#### Stored data
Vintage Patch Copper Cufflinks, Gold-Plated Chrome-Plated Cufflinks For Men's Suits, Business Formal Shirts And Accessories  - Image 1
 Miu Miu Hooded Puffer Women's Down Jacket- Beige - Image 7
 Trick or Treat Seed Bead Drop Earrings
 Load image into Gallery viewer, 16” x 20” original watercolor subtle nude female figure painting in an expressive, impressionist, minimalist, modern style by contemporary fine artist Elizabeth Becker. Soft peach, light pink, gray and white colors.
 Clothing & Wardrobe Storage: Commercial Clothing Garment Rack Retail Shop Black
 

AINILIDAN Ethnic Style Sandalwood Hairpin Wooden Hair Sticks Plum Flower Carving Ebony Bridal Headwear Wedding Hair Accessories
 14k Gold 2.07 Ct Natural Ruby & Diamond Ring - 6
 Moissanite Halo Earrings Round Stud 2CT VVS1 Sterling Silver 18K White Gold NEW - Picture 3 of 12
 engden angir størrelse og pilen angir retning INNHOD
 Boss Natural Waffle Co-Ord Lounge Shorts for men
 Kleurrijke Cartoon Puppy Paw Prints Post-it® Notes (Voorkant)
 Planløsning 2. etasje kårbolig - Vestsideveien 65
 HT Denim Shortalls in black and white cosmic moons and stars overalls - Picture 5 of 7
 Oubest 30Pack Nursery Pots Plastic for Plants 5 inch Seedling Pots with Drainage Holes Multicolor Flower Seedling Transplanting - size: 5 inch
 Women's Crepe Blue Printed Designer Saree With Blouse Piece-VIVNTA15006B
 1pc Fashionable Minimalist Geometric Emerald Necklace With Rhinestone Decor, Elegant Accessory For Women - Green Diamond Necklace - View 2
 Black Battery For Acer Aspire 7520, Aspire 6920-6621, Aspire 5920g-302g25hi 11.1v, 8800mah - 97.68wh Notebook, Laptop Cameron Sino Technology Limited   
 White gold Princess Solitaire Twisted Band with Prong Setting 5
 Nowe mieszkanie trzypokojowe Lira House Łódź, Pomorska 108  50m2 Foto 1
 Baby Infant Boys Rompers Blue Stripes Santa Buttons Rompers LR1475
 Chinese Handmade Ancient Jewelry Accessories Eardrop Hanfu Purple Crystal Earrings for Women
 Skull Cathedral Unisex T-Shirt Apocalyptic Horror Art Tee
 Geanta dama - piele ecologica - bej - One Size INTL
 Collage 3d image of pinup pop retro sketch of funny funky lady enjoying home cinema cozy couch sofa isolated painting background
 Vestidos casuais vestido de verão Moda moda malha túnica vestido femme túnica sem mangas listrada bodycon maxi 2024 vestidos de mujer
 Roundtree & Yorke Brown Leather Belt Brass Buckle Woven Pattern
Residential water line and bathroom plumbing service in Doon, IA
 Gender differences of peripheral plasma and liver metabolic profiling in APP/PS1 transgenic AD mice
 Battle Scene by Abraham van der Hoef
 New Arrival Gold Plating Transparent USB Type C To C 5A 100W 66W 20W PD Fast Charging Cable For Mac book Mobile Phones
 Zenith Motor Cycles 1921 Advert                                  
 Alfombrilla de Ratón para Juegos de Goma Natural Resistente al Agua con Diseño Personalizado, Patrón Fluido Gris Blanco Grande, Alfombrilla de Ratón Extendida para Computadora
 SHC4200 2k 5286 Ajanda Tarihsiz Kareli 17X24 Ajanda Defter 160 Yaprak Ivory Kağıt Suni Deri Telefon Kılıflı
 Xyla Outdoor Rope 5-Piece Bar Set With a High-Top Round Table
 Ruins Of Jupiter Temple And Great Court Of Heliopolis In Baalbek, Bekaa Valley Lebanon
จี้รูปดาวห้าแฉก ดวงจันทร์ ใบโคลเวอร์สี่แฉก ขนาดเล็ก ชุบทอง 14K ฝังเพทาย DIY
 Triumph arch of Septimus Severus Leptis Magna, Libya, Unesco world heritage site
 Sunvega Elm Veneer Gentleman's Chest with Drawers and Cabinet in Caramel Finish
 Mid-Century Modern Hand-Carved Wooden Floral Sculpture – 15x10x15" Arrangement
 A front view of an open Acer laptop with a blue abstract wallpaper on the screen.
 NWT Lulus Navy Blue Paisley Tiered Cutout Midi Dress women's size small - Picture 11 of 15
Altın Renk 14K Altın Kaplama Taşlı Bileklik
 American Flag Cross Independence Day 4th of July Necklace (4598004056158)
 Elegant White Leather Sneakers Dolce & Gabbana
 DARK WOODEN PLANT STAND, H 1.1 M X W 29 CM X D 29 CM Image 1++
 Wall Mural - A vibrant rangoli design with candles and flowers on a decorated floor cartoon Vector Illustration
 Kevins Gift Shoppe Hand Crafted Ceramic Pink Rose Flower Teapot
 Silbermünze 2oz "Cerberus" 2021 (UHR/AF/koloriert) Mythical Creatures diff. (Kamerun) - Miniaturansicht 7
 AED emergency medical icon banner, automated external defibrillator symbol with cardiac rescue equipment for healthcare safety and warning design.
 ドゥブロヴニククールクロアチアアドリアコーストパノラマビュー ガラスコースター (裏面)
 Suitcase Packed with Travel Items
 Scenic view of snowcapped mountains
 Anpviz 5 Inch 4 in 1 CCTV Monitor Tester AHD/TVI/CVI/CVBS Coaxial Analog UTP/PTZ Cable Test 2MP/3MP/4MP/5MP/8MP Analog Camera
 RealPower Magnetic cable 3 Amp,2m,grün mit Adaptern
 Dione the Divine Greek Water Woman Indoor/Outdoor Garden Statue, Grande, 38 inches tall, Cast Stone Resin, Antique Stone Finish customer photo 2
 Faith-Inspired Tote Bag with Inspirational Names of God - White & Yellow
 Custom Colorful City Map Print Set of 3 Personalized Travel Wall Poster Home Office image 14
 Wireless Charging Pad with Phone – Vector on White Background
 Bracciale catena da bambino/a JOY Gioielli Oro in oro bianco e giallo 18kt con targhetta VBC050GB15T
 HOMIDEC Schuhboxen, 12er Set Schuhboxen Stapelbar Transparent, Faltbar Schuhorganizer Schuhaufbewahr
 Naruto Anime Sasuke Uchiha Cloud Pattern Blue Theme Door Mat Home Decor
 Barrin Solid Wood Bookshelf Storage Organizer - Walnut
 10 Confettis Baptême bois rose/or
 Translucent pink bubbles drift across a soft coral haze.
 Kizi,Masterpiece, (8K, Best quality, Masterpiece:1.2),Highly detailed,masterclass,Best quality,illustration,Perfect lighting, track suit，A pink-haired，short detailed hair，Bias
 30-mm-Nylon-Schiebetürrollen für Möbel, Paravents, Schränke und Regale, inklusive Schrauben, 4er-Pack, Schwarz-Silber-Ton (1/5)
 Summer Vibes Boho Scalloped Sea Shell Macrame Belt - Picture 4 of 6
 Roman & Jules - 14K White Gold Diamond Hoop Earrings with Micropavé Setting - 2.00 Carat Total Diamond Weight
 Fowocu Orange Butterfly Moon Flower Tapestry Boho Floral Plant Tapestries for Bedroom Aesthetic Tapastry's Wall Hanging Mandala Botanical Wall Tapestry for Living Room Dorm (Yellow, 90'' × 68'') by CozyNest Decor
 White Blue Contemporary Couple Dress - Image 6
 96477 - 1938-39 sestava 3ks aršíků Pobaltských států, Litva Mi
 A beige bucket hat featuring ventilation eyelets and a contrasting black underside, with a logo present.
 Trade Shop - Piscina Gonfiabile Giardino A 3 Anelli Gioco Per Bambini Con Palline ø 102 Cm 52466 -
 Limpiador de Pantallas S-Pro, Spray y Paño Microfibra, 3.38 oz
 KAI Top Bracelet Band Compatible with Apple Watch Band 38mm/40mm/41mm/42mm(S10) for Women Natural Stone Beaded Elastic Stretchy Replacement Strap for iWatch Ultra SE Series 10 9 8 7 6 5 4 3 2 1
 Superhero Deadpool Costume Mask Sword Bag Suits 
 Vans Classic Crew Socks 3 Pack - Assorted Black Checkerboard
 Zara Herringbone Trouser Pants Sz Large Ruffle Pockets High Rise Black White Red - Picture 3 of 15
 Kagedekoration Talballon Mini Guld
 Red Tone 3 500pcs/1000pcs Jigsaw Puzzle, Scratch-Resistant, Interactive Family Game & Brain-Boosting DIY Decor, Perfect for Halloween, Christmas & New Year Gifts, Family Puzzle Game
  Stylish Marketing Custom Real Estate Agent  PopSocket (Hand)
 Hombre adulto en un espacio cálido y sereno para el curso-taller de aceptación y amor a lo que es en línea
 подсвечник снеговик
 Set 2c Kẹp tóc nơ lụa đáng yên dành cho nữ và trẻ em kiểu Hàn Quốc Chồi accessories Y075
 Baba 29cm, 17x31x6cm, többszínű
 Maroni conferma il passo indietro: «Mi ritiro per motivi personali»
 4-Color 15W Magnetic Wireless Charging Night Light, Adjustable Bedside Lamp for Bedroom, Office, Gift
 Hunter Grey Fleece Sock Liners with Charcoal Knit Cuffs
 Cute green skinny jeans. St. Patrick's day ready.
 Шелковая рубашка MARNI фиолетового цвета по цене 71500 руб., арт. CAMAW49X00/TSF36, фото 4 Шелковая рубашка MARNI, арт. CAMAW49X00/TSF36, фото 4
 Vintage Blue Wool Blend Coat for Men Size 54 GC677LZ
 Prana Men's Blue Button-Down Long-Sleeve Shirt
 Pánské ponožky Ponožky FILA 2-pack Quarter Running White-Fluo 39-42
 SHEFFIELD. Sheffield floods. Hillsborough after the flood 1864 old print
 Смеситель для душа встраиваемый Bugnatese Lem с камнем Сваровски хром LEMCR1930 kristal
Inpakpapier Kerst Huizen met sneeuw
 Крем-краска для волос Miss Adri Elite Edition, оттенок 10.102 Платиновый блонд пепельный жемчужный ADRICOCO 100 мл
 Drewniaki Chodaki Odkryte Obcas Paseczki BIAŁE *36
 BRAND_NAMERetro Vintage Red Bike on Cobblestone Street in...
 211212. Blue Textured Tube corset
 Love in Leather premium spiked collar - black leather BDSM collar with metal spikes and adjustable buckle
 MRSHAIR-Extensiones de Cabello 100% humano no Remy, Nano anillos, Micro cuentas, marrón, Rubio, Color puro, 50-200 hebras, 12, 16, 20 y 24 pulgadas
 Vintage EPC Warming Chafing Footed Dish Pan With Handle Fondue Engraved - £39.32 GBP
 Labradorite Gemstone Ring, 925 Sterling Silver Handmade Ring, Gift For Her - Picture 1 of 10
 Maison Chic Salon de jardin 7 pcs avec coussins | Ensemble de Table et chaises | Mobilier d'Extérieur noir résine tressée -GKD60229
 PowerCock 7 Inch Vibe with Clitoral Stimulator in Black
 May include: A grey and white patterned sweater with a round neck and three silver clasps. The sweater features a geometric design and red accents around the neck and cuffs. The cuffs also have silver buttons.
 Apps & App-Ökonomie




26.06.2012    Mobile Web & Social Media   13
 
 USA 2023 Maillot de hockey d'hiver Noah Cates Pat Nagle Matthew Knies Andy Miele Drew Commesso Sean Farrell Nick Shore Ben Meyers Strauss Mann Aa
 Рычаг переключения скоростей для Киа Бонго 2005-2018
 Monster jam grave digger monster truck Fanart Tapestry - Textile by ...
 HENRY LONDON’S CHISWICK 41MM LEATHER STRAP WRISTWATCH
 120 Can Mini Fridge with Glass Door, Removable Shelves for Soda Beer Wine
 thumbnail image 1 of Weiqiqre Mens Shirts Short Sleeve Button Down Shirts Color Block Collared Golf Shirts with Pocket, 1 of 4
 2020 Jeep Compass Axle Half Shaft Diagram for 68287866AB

#### ASSIGNMENT
In the entries above, find the line holding "Collage 3d image" and the line holding "Zenith Motor Cycles", then retype exactly those two lines and every line between them, and nothing else.

#### REPLY
 Collage 3d image of pinup pop retro sketch of funny funky lady enjoying home cinema cozy couch sofa isolated painting background
 Vestidos casuais vestido de verão Moda moda malha túnica vestido femme túnica sem mangas listrada bodycon maxi 2024 vestidos de mujer
 Roundtree & Yorke Brown Leather Belt Brass Buckle Woven Pattern
Residential water line and bathroom plumbing service in Doon, IA
 Gender differences of peripheral plasma and liver metabolic profiling in APP/PS1 transgenic AD mice
 Battle Scene by Abraham van der Hoef
 New Arrival Gold Plating Transparent USB Type C To C 5A 100W 66W 20W PD Fast Charging Cable For Mac book Mobile Phones
 Zenith Motor Cycles 1921 Advert                                  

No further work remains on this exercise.